The listing of all calendars shown in the Calendar app

The calendar name appears blank here, but that may not be true in every case. You’ll want to remove all subscribed calendars, except those that you are certain are legitimate. To do this, tap the button showing the letter i in a circle next to the subscribed calendar. (If you have more than one, you’ll have to repeat for each one.)

On the next screen, tap the Delete Calendar button at the bottom of the screen. (On some devices, you may have to scroll down to see it.)

Information about the unwanted calendar, including a Delete Calendar button

How to prevent the issue

First and foremost, if you find yourself seeing a strange message in Safari on your iPhone, don’t believe it, and don’t do what it tells you to do. Don’t click any buttons consenting to whatever the site is asking, such as OK, Allow, Install, etc. If you can close the tab or navigate to another page in the browser, do so. If an alert is preventing that, click Cancel if that’s an option.

If there is an alert preventing you from taking action until you tap a button, and you don’t know what to do, just restart your iPhone.

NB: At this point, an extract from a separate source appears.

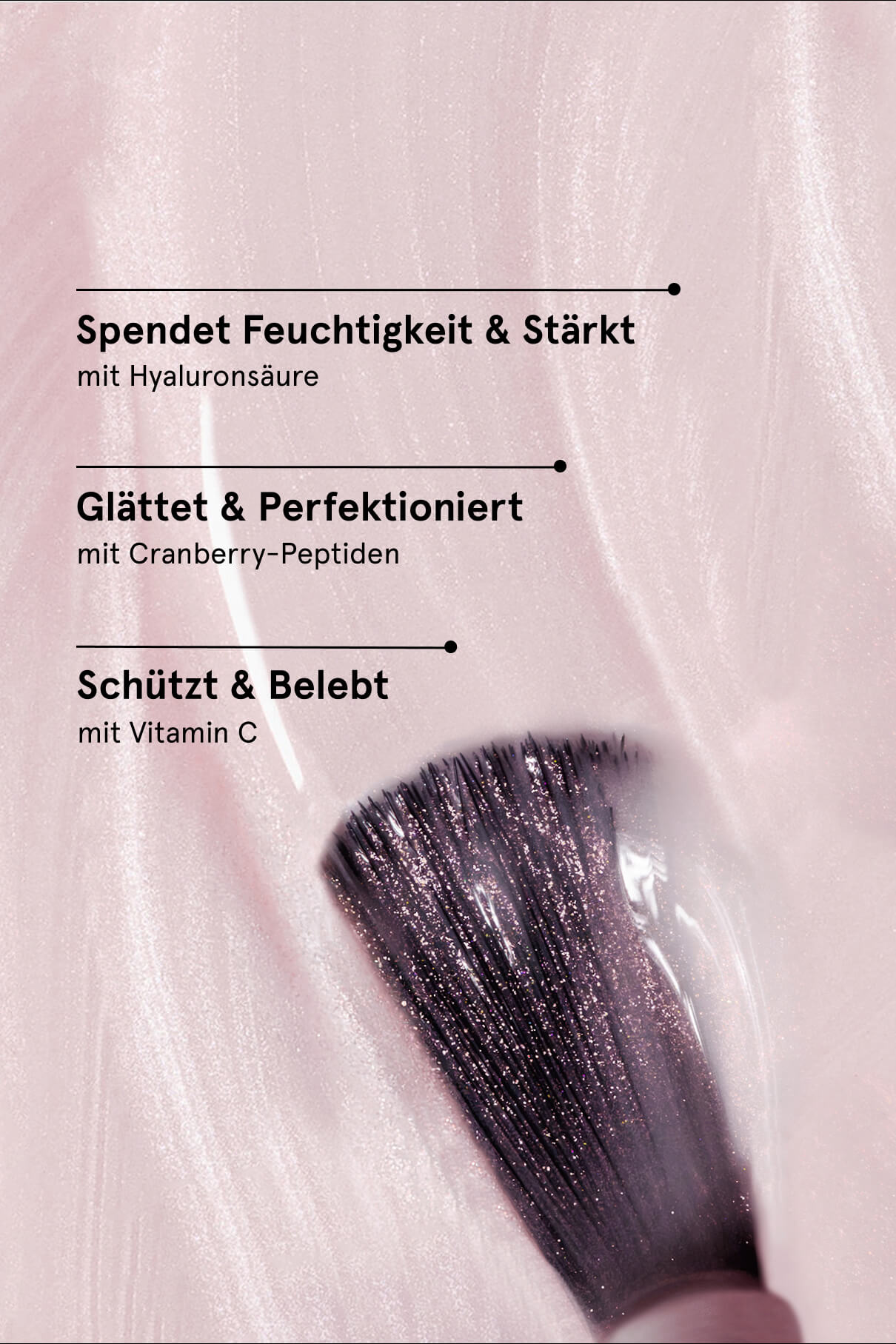 Skinified Nail Tint 09, aufgetragen mit einem Make-up-Pinsel, verleiht den Nägeln einen schimmernden rosa Glanz. Der deutsche Text vermerkt: Hyaluronsäure spendet Feuchtigkeit, Cranberry-Peptide glätten, und Vitamin C schützt.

You can also use the Web Protection feature in Malwarebytes Security for iOS. This should prevent you from visiting malicious pages in Safari. Of course, as with all things, nothing is infallible, so if you find that a malicious site has slipped past, please copy the address of the page from Safari’s address bar and submit it via a support ticket to Malwarebytes support. A screenshot would help as well.

Unfortunately, since users are essentially consenting to this scam via existing Apple-provided mechanisms for obtaining consent, there may not be much that Apple can do to stop this particular wave of calendar spam. However, we’ve notified Apple anyway, and hope it can at a minimum take action against the apps promoted by these scams.

What about other platforms?

Although we’re seeing a lot of this on iOS right now, the scam affects other platforms as well. On macOS, for example, it will attempt to add a calendar, though the process is far less convincing.

macOS alert asking the user to consent to subscribe to a calendar

The same is also true on Windows.

Windows alert asking the user to choose an app to open a webcal link with

You may also be offered a browser extension by some variants of this scam, depending on your browser. (Google Chrome is a common target.)

Regardless of the platform, if you see something odd like this in the browser, do not allow it, and close the page.